Write about an old person who feels deliciously alive and vital.

Write about walking down the hallway of middle school or junior high when the students have been dismissed for the day.

Write about a jail or prison.

Write about the many moods and modes of rain.

Describe a person through a beloved and well-used object—tattered book, worn sweater, frayed handbag, that he or she constantly carries or wears.

Write about being served a specific food or meal that you abhor.

Write about swimming, ice skating, skiing, snow boarding, or other sports, focusing on what it feels like inside your body as you’re moving.

Just for fun: Describe a person through his or her surroundings and possessions. Is her apartment or home, clean, tidy, fanatically orderly? What sort of music does she listen to? Will lots of sunlight filter in during sunny days, or are the windows shrouded? What’s in the refrigerator? What about accessories, art, books? What does the bathroom reveal? The bedroom closet?  Describe a car’s glove box or trunk.

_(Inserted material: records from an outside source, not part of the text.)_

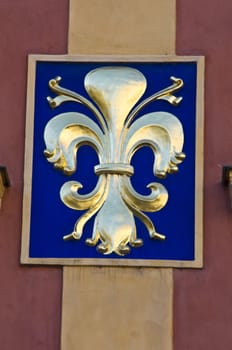 golden fleur de lis on a facade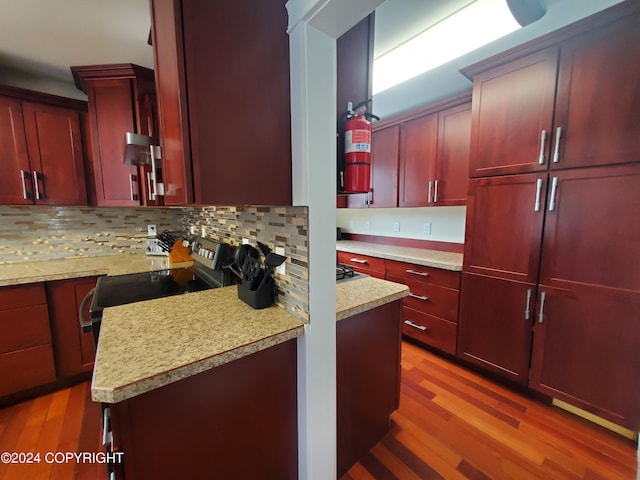 kitchen featuring light stone counters, tasteful backsplash, stainless steel electric range oven, and light hardwood / wood-style flooring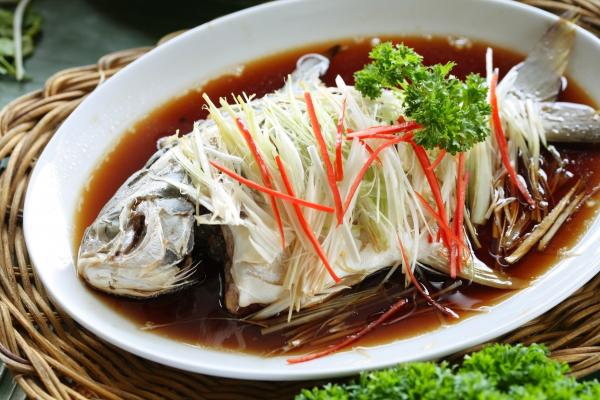 Chinese-style marinated steamed fish with spring onion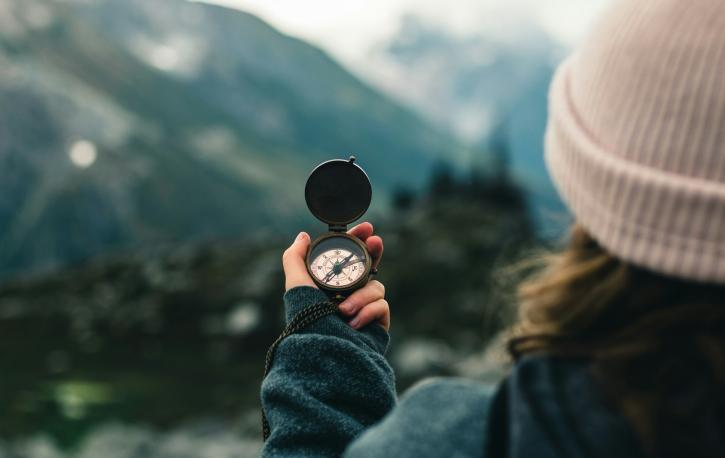 Eine Frau hält einen Kompass vor sich, im Hintergrund ist eine Berglandschaft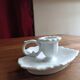 Night or hand-held porcelain candle holder in the shape of a leaf.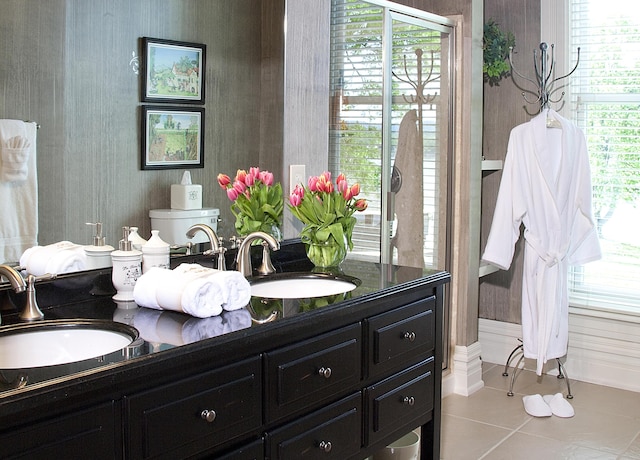 bathroom featuring tile patterned floors, toilet, and vanity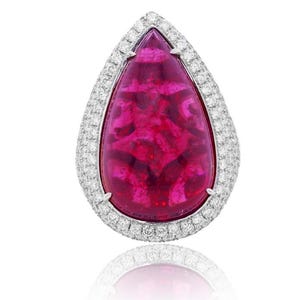 May include: A pear-shaped pink gemstone ring with a diamond halo setting. The gemstone has a carved design and is set in a white metal band.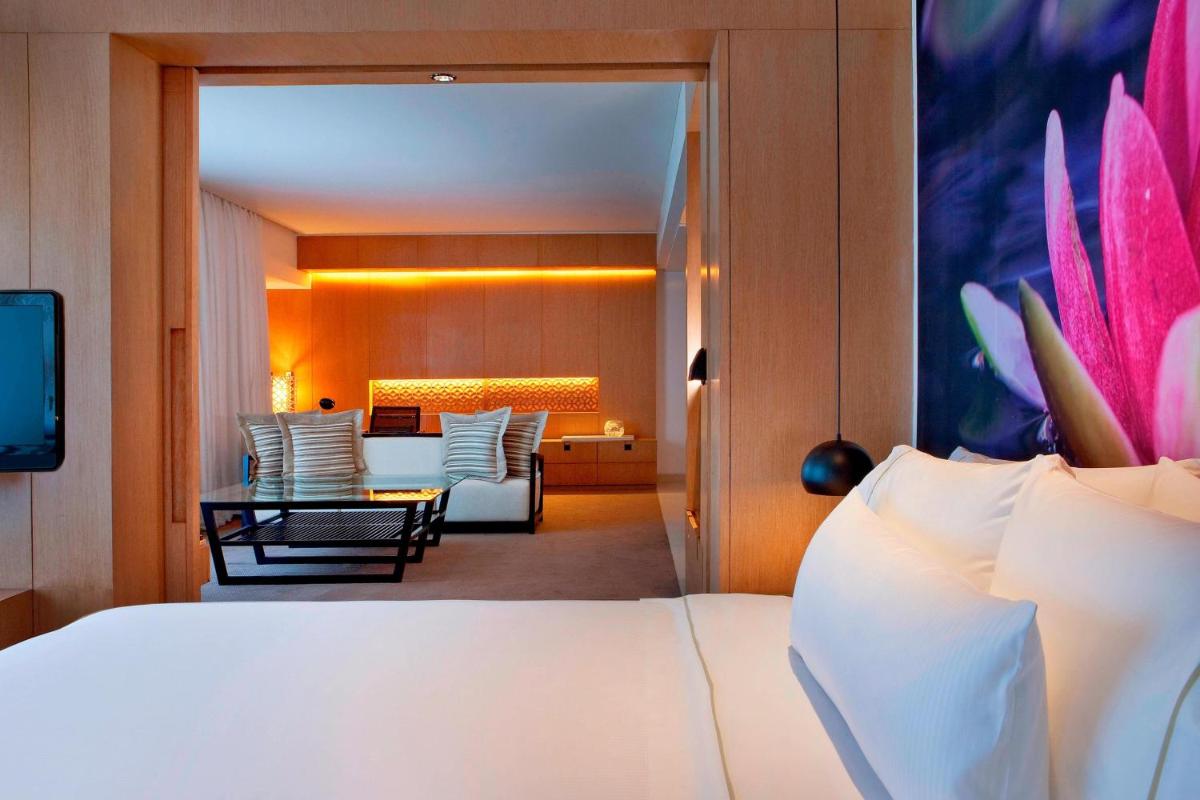 a hotel room with a bed and a living room at The Westin Hyderabad Mindspace in Hyderabad
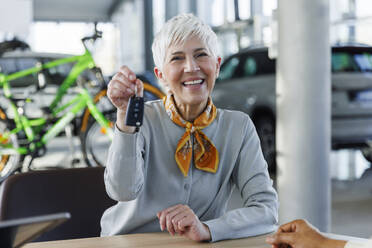 Happy senior woman holding car keys in showroom - IKF01657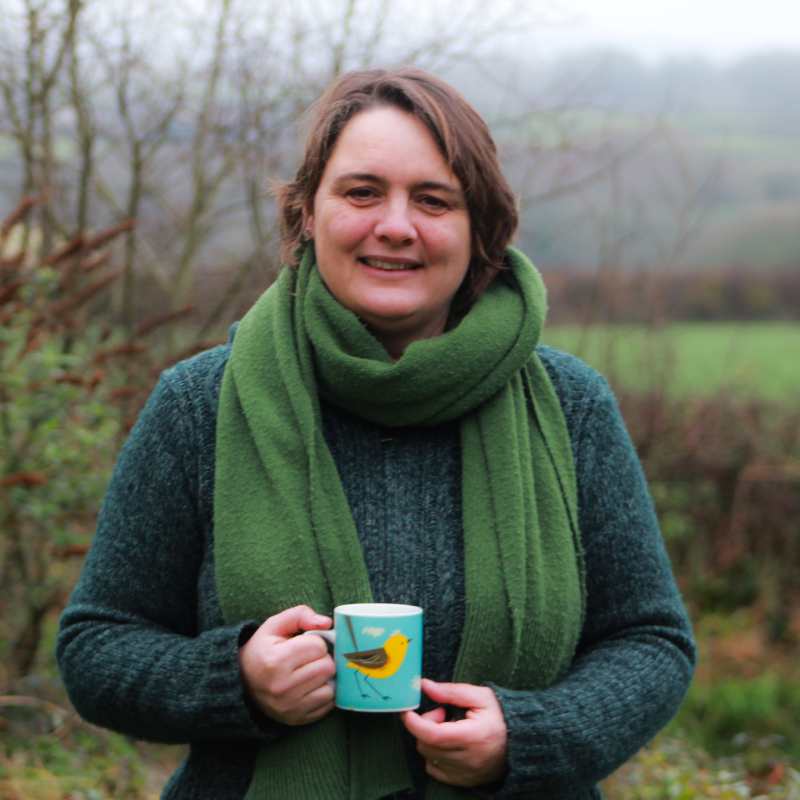 Jacqui Chandler, counselling, psychotherapy and dream therapy, outdoor in garden with cup of tea, smiling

In the film Sleeping with the Enemy—starring Julia Roberts and Kevin Kline we find ourselves amid a power struggle and a fight for survival. The Kline character, a batterer, is known by his fanatical orderliness and control—rows of towels in the bathroom lined up like soldiers at inspection and canned goods stacked precisely in the kitchen cabinets reveal his rigidity and need for control.  When Roberts  (Laura) flees his abuse and moves to the Midwest she changes her hair, which she allows to flow loosely, trades in her sleek trophy-wife wardrobe for comfortable long skirts and baggy tops. But she also trades in a sterile oceanside home for a homey Victorian, with comfortable, overstuffed furniture, a porch swing, and African violets tucked onto the kitchen window sill. She purposefully doesn’t align the items in the cupboard, instead it’s a place for baking pies and listening to soothing music.